TODAY’S STUDY: ENERGY OLD AND NEW, THE GOVERNMENT REPORT
Annual Energy Outlook 2012 Early Release Overview
January 23, 2012 (U.S. Energy Information Administration)
AEO2012 Early Release Overview Executive Summary
Projections in the Annual Energy Outlook 2012 (AEO2012) Reference case focus on the factors that shape U.S. energy markets in the long term, under the assumption that current laws and regulations remain generally unchanged throughout the projection period. The AEO2012 Reference case provides the basis for examination and discussion of energy market trends and serves as a starting point for analysis of potential changes in U.S. energy policies, rules, or regulations or potential technology breakthroughs.

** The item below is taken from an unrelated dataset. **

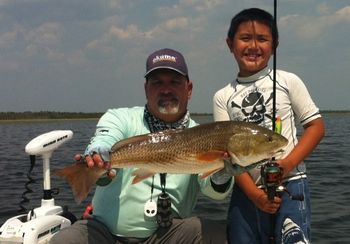 Thanks for a wonderful day out on the water. Nothing better than seeing the smile on Sean's face after pulling in a 27" red. Sincerely, Li-Ming Su, M.D.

Some of the highlights in the AEO2012 Reference case include:
Projected growth of energy use slows over the projection period, reflecting an extended economic recovery and increasing energy efficiency in end-use applications Projected transportation energy demand grows at an annual rate of 0.2 percent from 2010 through 2035 in the Reference case, and electricity demand grows by 0.8 percent per year. Energy consumption per capita declines by an average of 0.5 percent per year from 2010 to 2035. The energy intensity of the U.S. economy, measured as primary energy use in British thermal units (Btu) per dollar of gross domestic product (GDP) in 2005 dollars, declines by 42 percent from 2010 to 2035.
Domestic crude oil production increases Domestic crude oil production has increased over the past few years, reversing a decline that began in 1986. U.S. crude oil production increased from 5.1 million barrels per day in 2007 to 5.5 million barrels per day in 2010. Over the next 10 years, continued development of tight oil, in combination with the ongoing development of offshore resources in the Gulf of Mexico, pushes domestic crude oil production in the Reference case to 6.7 million barrels per day in 2020, a level not seen since 1994. Even with a projected decline after 2020, U.S. crude oil production remains above 6.1 million barrels per day through 2035.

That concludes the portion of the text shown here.